Posted on • Originally published at ana-cozma.github.io

Troubleshooting and Resolving a Pod Stuck in 'CreateContainerConfigError' in Kubernetes

The other day I was making changes to my helm charts and, after deploying my application, I noticed that one of my pods was stuck in a CreateContainerConfigError state. This is a pretty tricky error because it doesn't give you any details on what the underlying issue could be.

What is the CreateContainerConfigError?

To understand this, let's look at what happens at deployment time to give you an idea of the flow and what could go wrong at each step.
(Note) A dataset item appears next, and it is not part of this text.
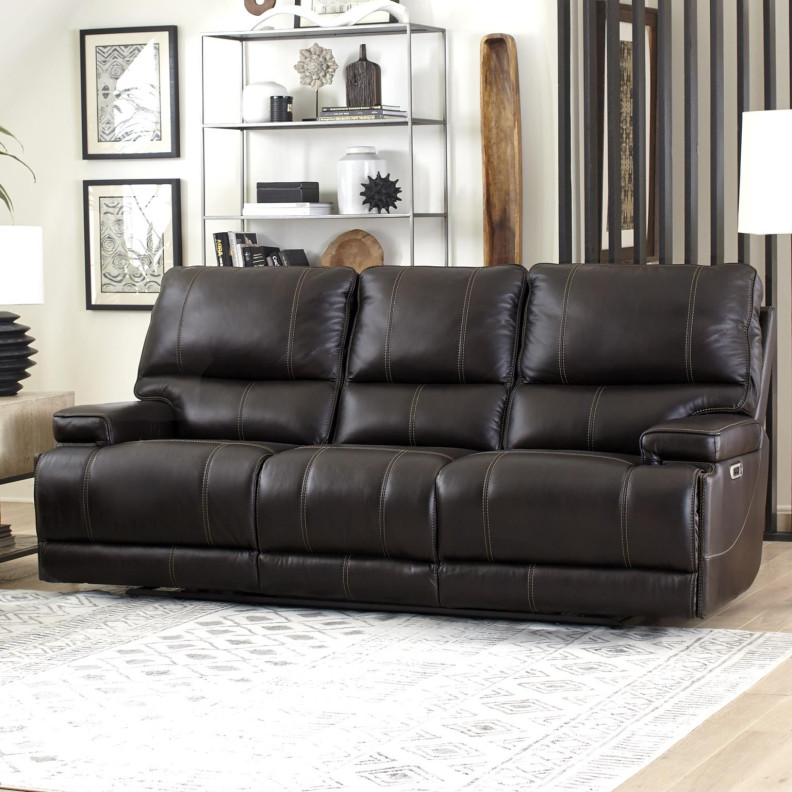 Whitman Verona Coffee Top Grain Leather Sofa Powered Free Motion Cordless By Parker-House Furniture.MWHI832PH-P25-VCO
When you deploy a pod, the first step is to pull the image from the registry and then create the container. If the image is not found, then Kubernetes will return an ErrImagePull error. If the image is found, then it will proceed to create the container.

If the container creation fails, then it will return a CreateContainerError error. If the container creation succeeds, then Kubernetes will then start the container.

If the container start fails, then it will return a CreateContainerConfigError error.

In other words, the error happens when the container is transitioning from a Pending state to a Running state. It is at this point that the deployment configuration will be validated to make sure that the container can be started. If the configuration is invalid, then it will return a CreateContainerConfigError error.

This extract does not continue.